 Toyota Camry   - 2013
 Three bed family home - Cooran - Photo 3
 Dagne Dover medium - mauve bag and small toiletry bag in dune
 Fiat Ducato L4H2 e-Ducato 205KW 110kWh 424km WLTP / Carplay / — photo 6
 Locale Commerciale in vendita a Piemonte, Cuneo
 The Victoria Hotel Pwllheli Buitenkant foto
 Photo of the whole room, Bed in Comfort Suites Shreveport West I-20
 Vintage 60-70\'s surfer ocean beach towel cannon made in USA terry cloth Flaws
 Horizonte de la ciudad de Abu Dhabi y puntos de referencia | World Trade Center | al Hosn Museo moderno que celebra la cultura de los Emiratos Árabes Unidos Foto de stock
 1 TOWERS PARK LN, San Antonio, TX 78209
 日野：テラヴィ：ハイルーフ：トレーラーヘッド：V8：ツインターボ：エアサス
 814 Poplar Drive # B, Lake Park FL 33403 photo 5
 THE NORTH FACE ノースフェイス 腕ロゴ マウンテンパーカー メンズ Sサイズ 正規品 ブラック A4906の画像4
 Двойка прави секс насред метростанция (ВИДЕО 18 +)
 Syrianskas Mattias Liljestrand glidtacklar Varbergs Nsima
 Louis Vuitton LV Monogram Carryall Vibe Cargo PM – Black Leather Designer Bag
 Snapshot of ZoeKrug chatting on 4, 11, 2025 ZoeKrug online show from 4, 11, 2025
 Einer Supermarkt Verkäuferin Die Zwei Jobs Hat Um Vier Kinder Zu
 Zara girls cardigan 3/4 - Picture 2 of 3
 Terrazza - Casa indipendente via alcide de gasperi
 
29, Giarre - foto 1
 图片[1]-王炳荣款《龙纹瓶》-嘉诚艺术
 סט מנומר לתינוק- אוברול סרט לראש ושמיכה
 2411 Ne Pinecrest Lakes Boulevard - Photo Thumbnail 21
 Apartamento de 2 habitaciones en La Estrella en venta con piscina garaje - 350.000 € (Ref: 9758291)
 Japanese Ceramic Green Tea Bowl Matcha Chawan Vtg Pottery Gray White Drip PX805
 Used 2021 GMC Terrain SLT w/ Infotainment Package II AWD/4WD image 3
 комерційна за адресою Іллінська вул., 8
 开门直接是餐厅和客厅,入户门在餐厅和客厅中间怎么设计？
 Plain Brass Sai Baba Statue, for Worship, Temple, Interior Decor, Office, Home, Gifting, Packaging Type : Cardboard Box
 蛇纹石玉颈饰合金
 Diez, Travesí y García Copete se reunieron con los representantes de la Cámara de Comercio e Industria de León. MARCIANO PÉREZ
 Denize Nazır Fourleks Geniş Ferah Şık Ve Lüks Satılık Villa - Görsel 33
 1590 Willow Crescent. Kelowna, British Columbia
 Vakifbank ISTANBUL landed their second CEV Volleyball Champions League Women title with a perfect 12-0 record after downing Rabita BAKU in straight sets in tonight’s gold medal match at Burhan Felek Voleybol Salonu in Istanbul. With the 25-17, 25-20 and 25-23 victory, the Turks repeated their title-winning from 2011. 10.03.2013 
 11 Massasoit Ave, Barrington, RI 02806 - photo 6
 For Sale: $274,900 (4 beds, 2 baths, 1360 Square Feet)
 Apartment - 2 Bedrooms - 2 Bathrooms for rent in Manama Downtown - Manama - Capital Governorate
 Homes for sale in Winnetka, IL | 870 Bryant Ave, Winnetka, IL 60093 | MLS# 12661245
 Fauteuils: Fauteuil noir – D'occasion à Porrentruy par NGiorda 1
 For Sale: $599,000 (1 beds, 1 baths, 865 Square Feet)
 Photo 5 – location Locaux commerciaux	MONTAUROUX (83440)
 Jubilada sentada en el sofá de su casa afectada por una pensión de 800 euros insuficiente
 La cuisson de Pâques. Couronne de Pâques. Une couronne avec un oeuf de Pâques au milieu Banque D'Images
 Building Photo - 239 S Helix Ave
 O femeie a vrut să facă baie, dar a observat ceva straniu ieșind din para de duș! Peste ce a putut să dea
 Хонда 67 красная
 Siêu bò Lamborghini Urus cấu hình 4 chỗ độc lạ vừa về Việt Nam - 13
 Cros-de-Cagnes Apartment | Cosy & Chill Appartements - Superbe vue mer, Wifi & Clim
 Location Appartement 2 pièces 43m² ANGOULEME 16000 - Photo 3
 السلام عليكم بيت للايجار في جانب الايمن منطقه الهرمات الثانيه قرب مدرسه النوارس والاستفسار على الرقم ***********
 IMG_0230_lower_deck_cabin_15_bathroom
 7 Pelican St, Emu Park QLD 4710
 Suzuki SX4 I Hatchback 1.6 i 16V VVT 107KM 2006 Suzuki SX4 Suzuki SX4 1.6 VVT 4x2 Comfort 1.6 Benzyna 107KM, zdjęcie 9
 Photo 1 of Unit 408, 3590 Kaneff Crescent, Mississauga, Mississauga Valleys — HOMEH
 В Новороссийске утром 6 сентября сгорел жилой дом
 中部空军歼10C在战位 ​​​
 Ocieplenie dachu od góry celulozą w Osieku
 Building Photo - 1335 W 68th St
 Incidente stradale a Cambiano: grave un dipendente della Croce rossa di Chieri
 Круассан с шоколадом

-*-

What you are asked to do:
Set down exactly, and only, the lines from the one containing "O femeie a vrut" to the final line of the data.

Answer for this exercise:
 O femeie a vrut să facă baie, dar a observat ceva straniu ieșind din para de duș! Peste ce a putut să dea
 Хонда 67 красная
 Siêu bò Lamborghini Urus cấu hình 4 chỗ độc lạ vừa về Việt Nam - 13
 Cros-de-Cagnes Apartment | Cosy & Chill Appartements - Superbe vue mer, Wifi & Clim
 Location Appartement 2 pièces 43m² ANGOULEME 16000 - Photo 3
 السلام عليكم بيت للايجار في جانب الايمن منطقه الهرمات الثانيه قرب مدرسه النوارس والاستفسار على الرقم ***********
 IMG_0230_lower_deck_cabin_15_bathroom
 7 Pelican St, Emu Park QLD 4710
 Suzuki SX4 I Hatchback 1.6 i 16V VVT 107KM 2006 Suzuki SX4 Suzuki SX4 1.6 VVT 4x2 Comfort 1.6 Benzyna 107KM, zdjęcie 9
 Photo 1 of Unit 408, 3590 Kaneff Crescent, Mississauga, Mississauga Valleys — HOMEH
 В Новороссийске утром 6 сентября сгорел жилой дом
 中部空军歼10C在战位 ​​​
 Ocieplenie dachu od góry celulozą w Osieku
 Building Photo - 1335 W 68th St
 Incidente stradale a Cambiano: grave un dipendente della Croce rossa di Chieri
 Круассан с шоколадом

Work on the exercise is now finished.